§ **Task**:
Please copy exactly the part of the records below that opens with the line containing "Before going further, let" and closes with the line containing "By attaching a", leaving out any pictures.

§ **Material supplied**:
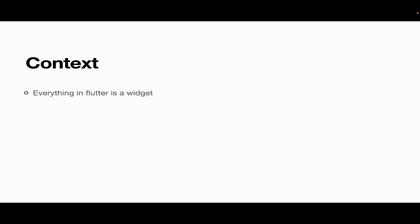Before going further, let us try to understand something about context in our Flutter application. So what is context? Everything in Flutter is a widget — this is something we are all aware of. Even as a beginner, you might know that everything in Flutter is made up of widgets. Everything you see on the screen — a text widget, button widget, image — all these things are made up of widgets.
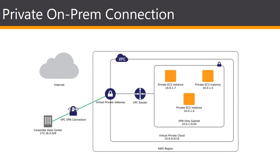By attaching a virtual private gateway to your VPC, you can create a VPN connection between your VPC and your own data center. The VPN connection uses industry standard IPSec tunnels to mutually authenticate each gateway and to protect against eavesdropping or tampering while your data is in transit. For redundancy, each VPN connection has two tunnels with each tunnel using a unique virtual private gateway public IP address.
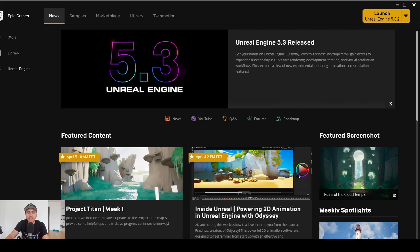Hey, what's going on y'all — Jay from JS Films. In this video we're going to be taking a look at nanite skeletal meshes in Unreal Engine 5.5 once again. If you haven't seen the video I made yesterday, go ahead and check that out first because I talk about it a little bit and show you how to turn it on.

...

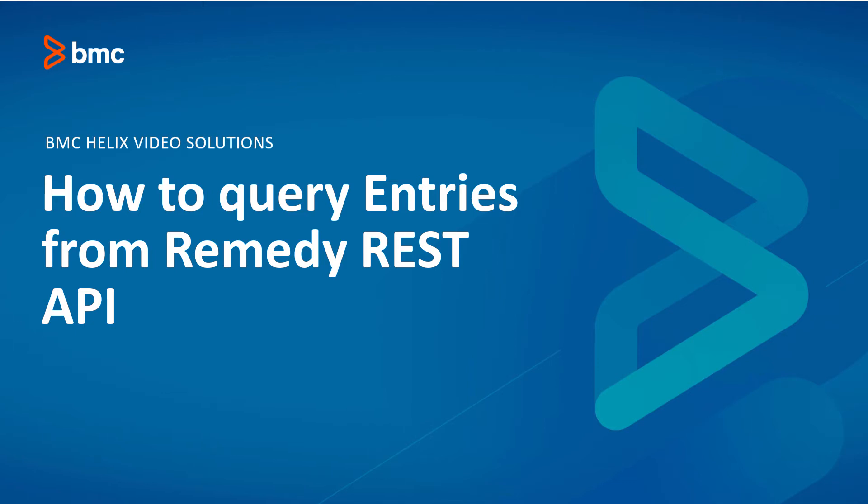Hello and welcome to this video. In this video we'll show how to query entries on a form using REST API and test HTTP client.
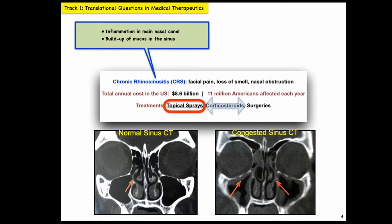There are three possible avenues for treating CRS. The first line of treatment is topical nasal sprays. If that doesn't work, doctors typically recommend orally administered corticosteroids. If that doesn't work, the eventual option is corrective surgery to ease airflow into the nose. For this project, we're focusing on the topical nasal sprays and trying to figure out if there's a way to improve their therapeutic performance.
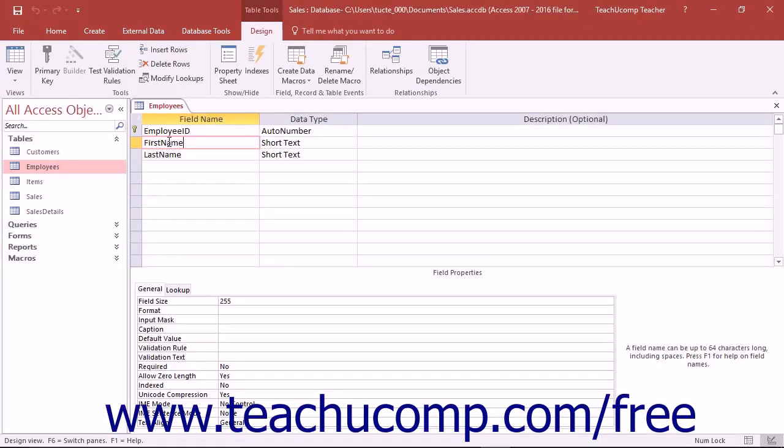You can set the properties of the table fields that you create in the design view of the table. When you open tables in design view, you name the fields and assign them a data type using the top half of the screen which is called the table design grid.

§ **Answer for the task**:
Before going further, let us try to understand something about context in our Flutter application. So what is context? Everything in Flutter is a widget — this is something we are all aware of. Even as a beginner, you might know that everything in Flutter is made up of widgets. Everything you see on the screen — a text widget, button widget, image — all these things are made up of widgets.
By attaching a virtual private gateway to your VPC, you can create a VPN connection between your VPC and your own data center. The VPN connection uses industry standard IPSec tunnels to mutually authenticate each gateway and to protect against eavesdropping or tampering while your data is in transit. For redundancy, each VPN connection has two tunnels with each tunnel using a unique virtual private gateway public IP address.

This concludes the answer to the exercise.